**EXERCISE DIRECTIONS:** Your task is to print all of the entries exactly, though the pictures should not be included.

**DATA UNDER STUDY:**
-------
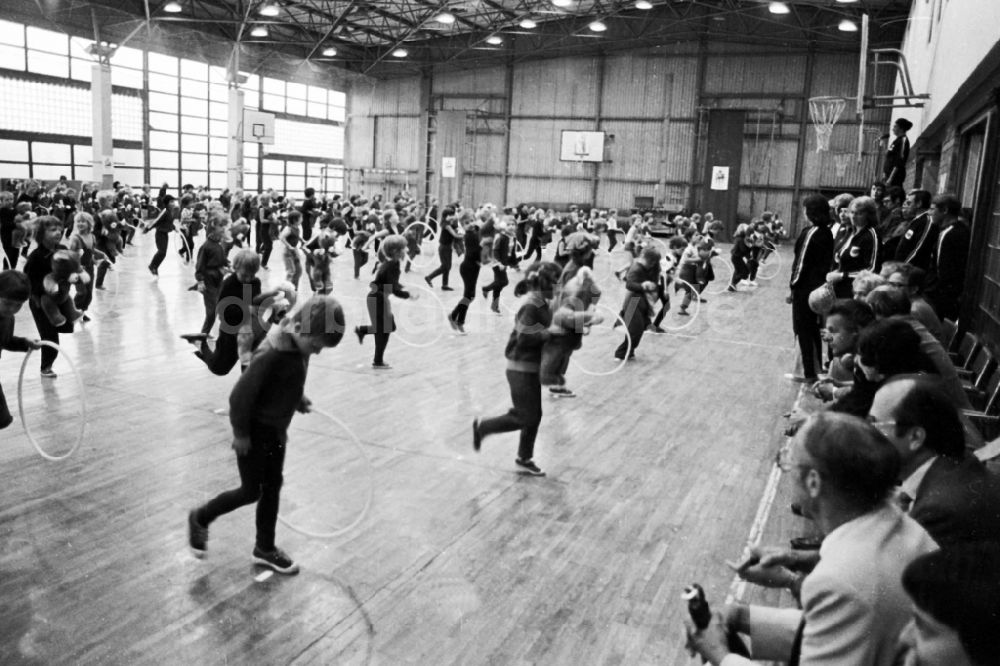 DDR-Fotoarchiv: Leipzig - Turn- und Sportfest Spartakiade in Leipzig in Sachsen in der DDR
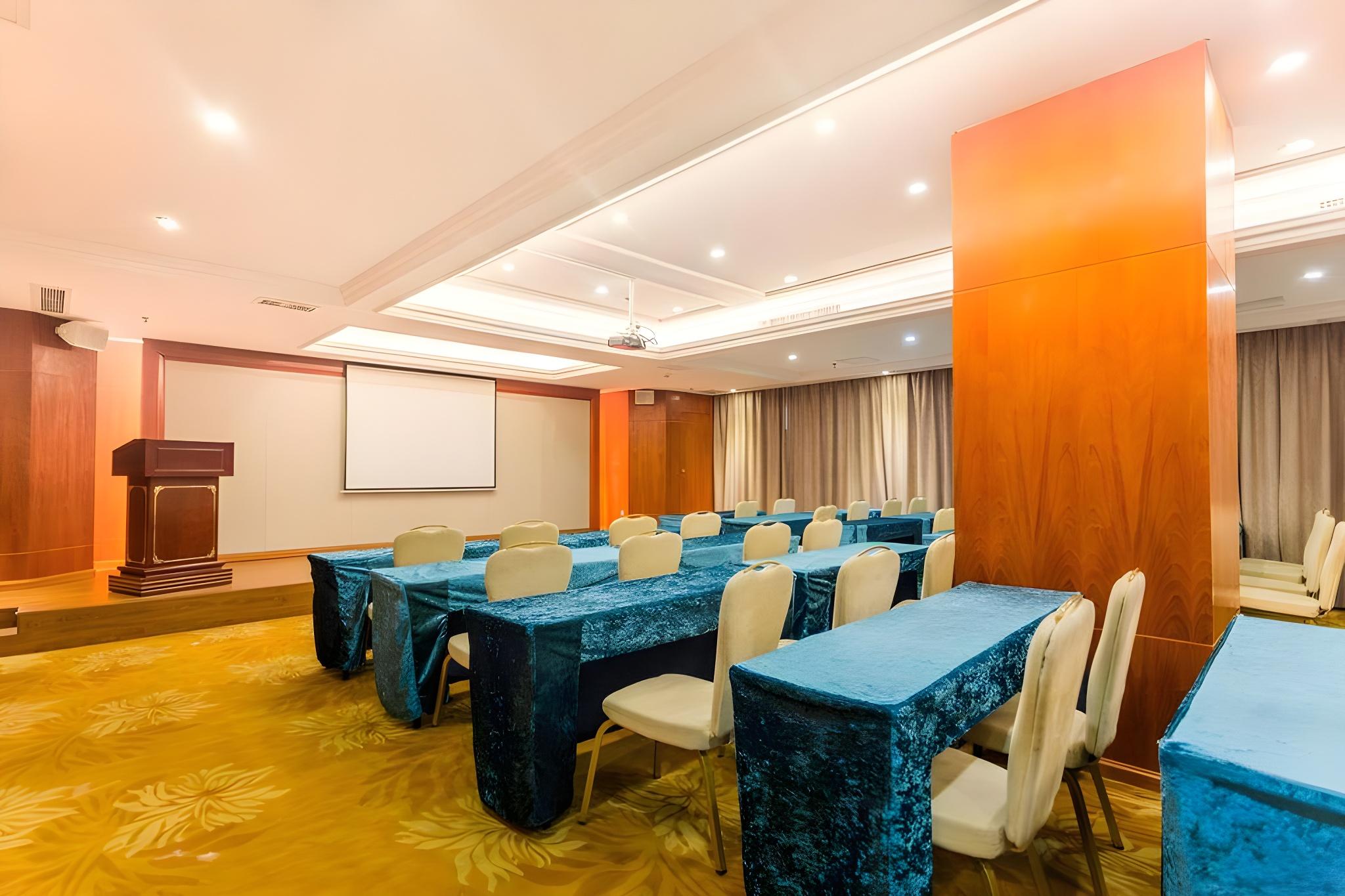 Vienna Hotel (Shantou Chaoyang High-Speed Railway Station) 43/51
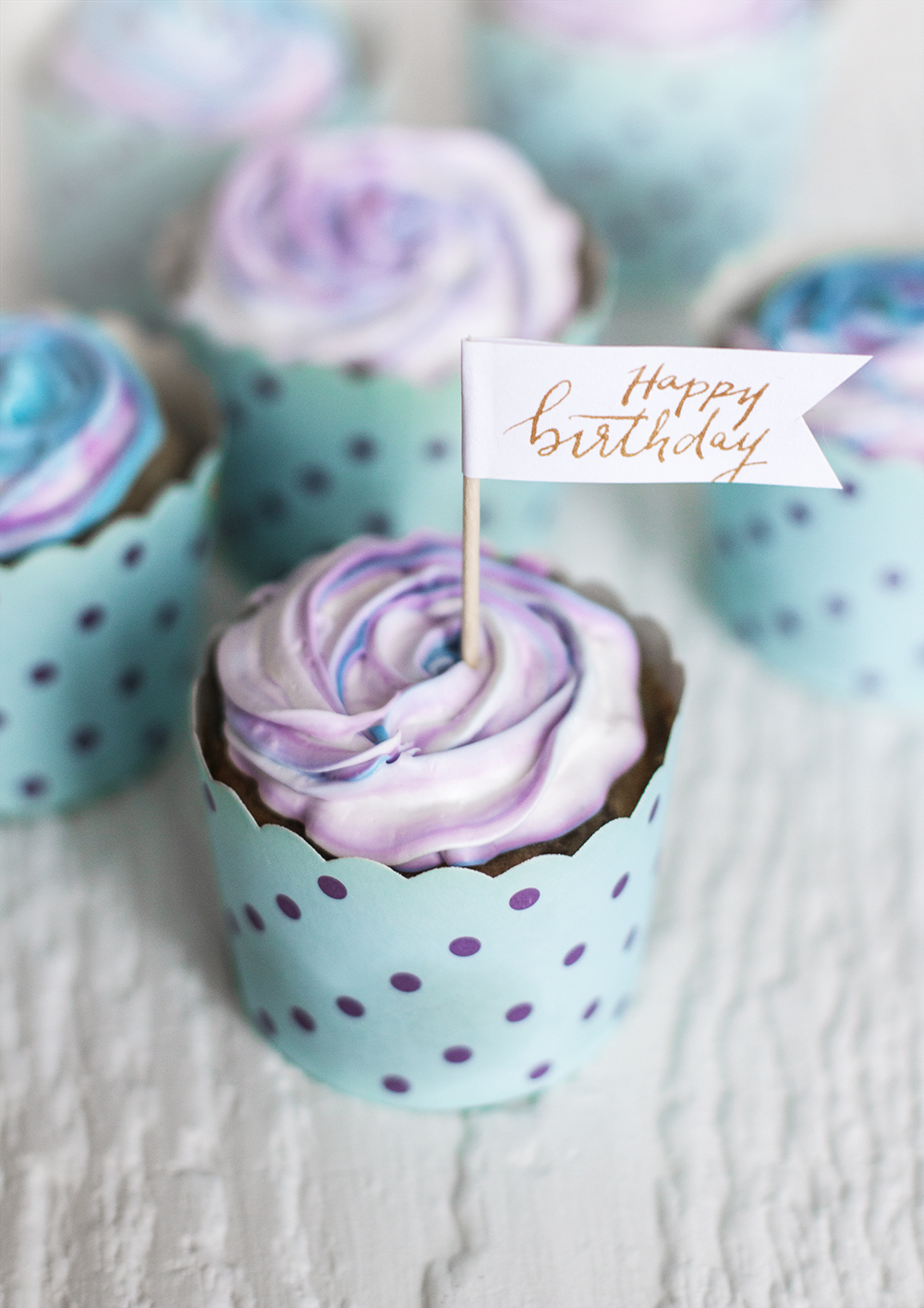 blueberry and white chocolate cupcakes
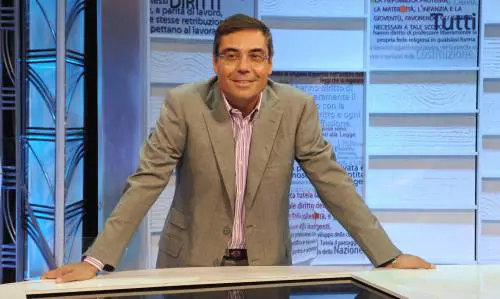 Saccende la Twitter-tv È una e trina: informa,  commenta e domanda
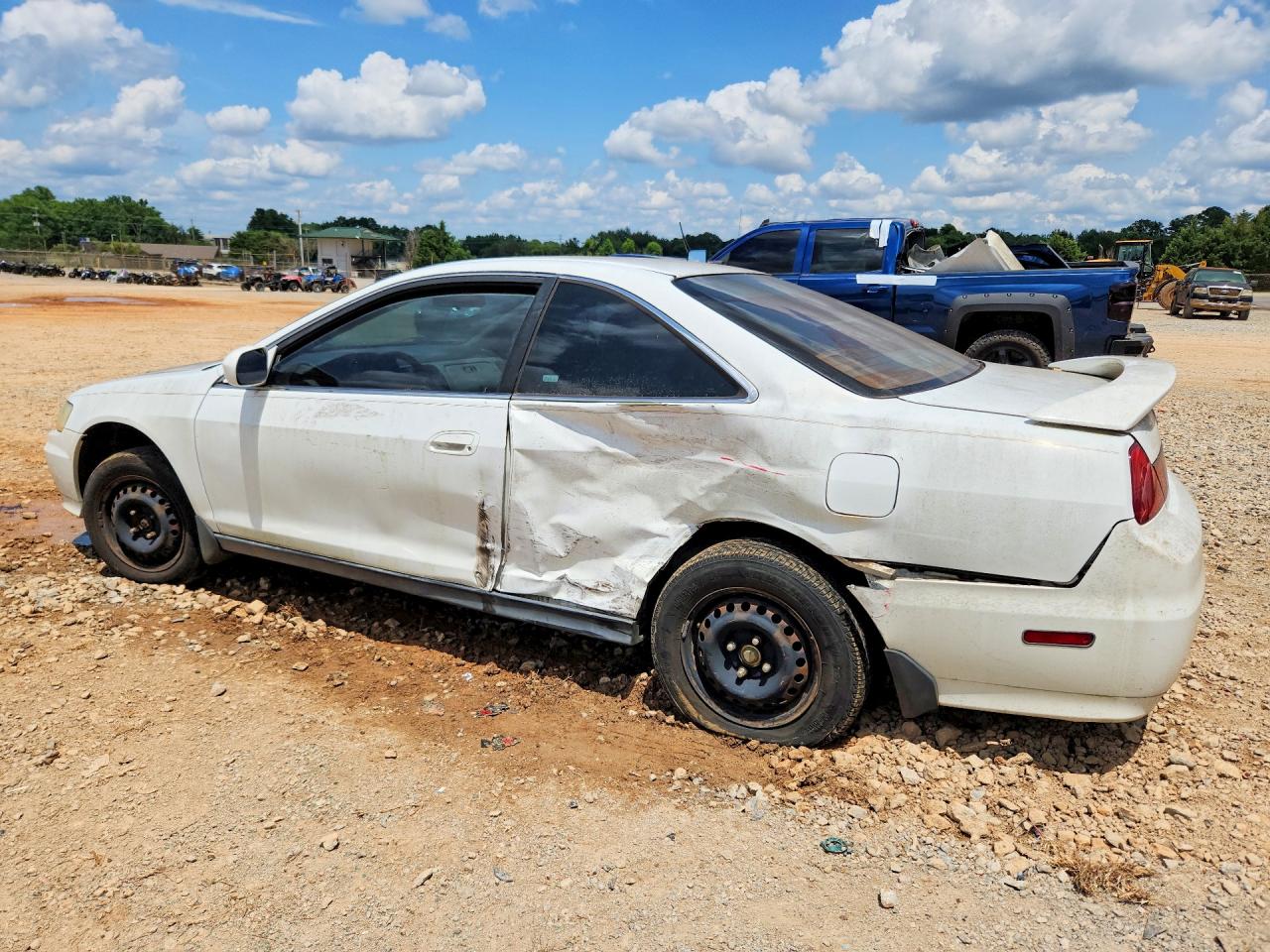 2002 Honda Accord Lx White vin: 1HGCG31412A026472
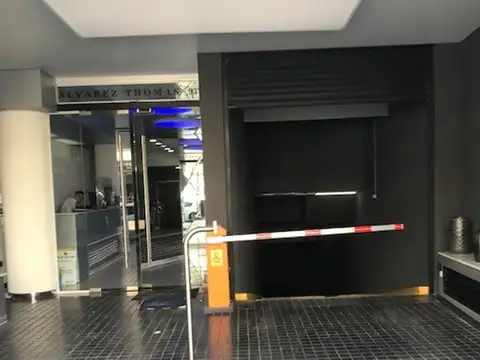 Oficina en Venta con 1 cochera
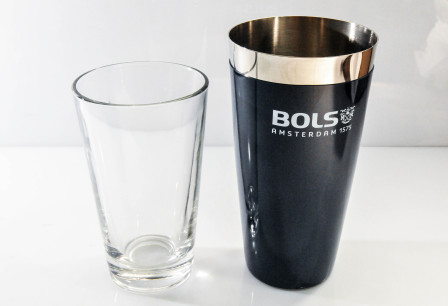 Bols Likör, Edelstahl / Glas Boston Bar Shaker, zweiteilig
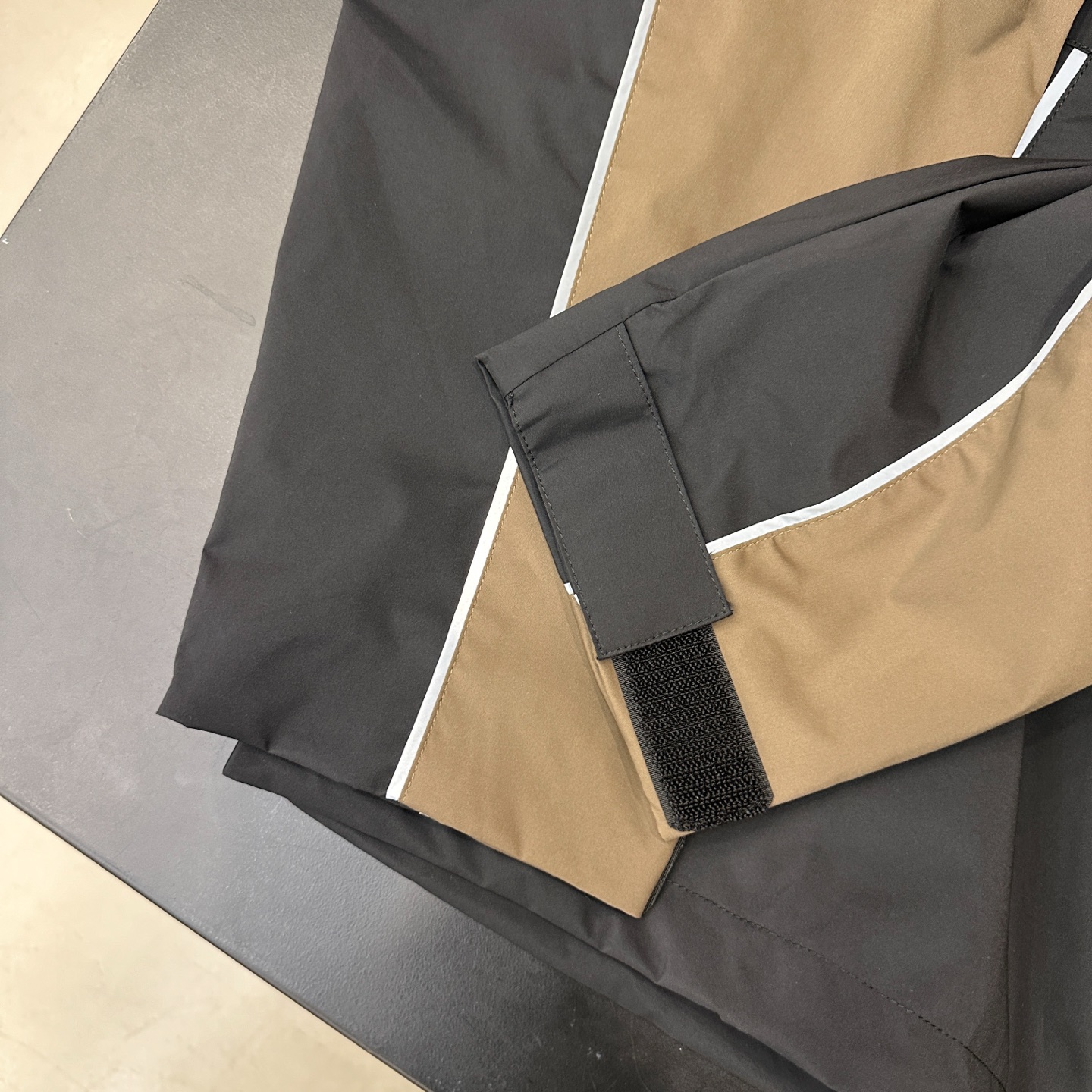 巴* ｜ 新款风衣外套，品牌经典反光印花标，机边绳撞色拼接双层款式设计，休闲时尚，尺码sml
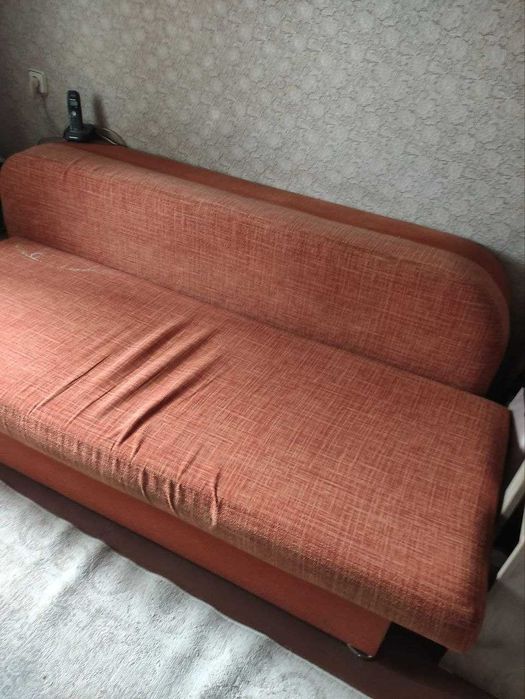Отдам диван раскладной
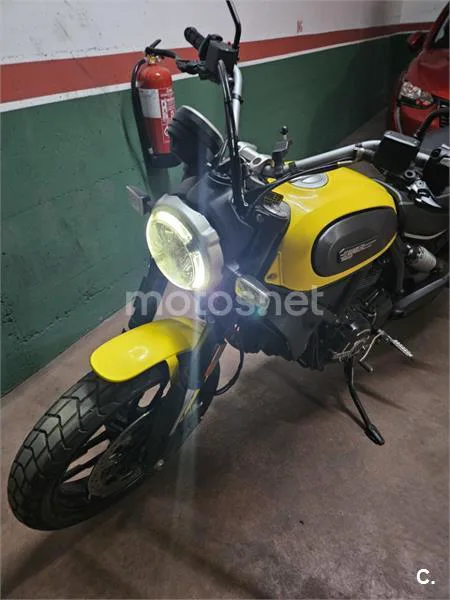 Ducati Scrambler – Vista 4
-------
**THE COMPLETED TASK:**
 DDR-Fotoarchiv: Leipzig - Turn- und Sportfest Spartakiade in Leipzig in Sachsen in der DDR
 Vienna Hotel (Shantou Chaoyang High-Speed Railway Station) 43/51
 blueberry and white chocolate cupcakes
 Saccende la Twitter-tv È una e trina: informa,  commenta e domanda
 2002 Honda Accord Lx White vin: 1HGCG31412A026472
 Oficina en Venta con 1 cochera
 Bols Likör, Edelstahl / Glas Boston Bar Shaker, zweiteilig
 巴* ｜ 新款风衣外套，品牌经典反光印花标，机边绳撞色拼接双层款式设计，休闲时尚，尺码sml
Отдам диван раскладной
 Ducati Scrambler – Vista 4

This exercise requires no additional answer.